Workers at Brewing Market Coffee, a coffee seller and coffee shop operator with locations in Boulder, Longmont and Lafayette, have taken a key early step toward unionization.
The Bakery, Confectionery, Tobacco, and Grain Millers Union (BCTGM) Local 26 told BizWest that 74% of the company’s employees have signed union authorization cards, a move that precedes an official unionization vote, which has not yet been scheduled.
The Brewing Market workers have requested that company management voluntarily recognize their organizing effort and have yet to receive a response, the union said.
The company did not respond to requests for comment Wednesday.
Brewing Market workers, about 50 of whom are union eligible (non-management), say they’re organizing in search of better working conditions, pay and benefits.

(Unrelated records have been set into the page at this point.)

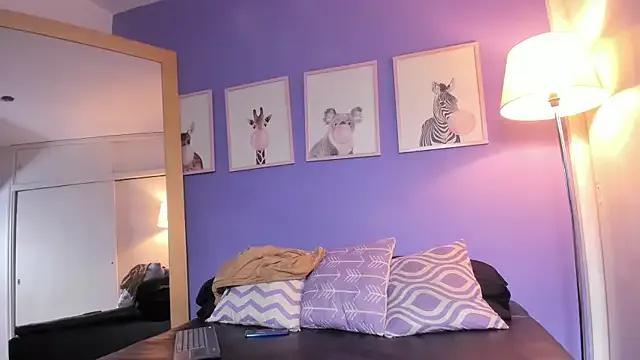 NehandaClarck_ — cumm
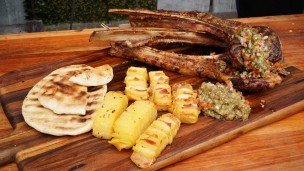Tomahawk con manteca vaquero y papa acordeón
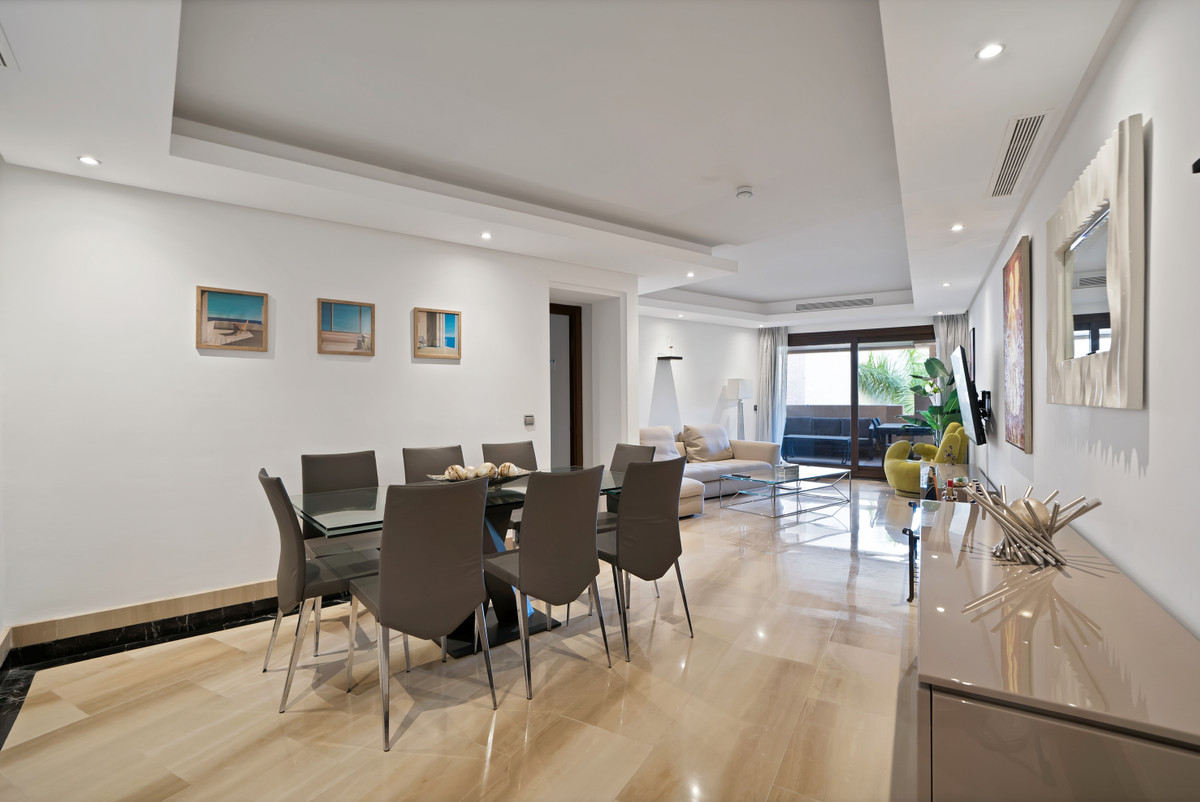 Appartement te koop in Estepona | 3 slaapkamers H5157919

“We aren’t paid enough, and barely make the tips we’re promised,” Benny Cardin, a barista at Brewing Market’s Tea Emporium and Coffee Shop location in downtown Boulder, said in a statement. “We want to be able to afford rent, afford food, have basic health care, and live a life not based on the fear that comes with living paycheck to paycheck. Baristas in Boulder deserve so much more, and we are ready to fight for it.”
Should they opt to join the Local 26, they won’t be fighting alone. Late last year, workers at Boulder’s Spruce Confections LLC, which manufacturers baked goods and operates several cafe-coffee shops, voted to throw their lot in with the union and began negotiations this year on their first labor contract.
The Denver-based Local 26 represents manufacturing, production, maintenance, and sanitation workers at bakeries and food production operations around Colorado.
Baristas in seven Colorado Starbucks locations, including in Superior and Greeley, have voted this year to join Starbucks Workers United, an affiliate of the Service Employees International Union.
“At the end of the day, our biggest motivation for unionizing is how much we care about each other,” said Olivia Schmich, a barista at the Brewing Market’s Espresso Vino location in Lafayette. “I think history will look back on us for being part of the change future generations will benefit from. Knowing that makes this all worth it.”
The local unionization effort among coffee shop and cafe workers comes amid a period of relative ascendance for organized labor, both in Colorado and across the country.
To be sure, organized labor in the United States has largely been on the wane for the last four-plus decades, but the tight labor market and the COVID-19 pandemic have shifted the balance of power in the direction of certain workers.
Much of the recent labor organizing activity has involved service, retail and hospitality workers who, unlike employees in other sectors with the ability to work remotely, are often unable to adjust working conditions and settings to better align with the post-pandemic business environment.
Colorado United Food and Commercial Workers Local 7 members employed by Kroger Co.’s (NYSE: KR) King Soopers — who worked on the front line of the pandemic when many other businesses were closed while processing the trauma of a 2021 mass shooting that killed 10 in the company’s Table Mesa grocery store location in Boulder — exerted some of their power this year, striking for nine days in January before inking a new three-year labor contract.
“The pandemic has revealed that some jobs we’ve thought of as fairly innocuous are actually harmful (to workers in certain positions),” Jeffrey Zax, a professor of economics and a labor expert at the University of Colorado Boulder, told BizWest in a June interview. “You’re exposed to the public and therefore exposed to public health hazards, so your health is at risk. That means that employers have to treat their employees better if they want to have any.”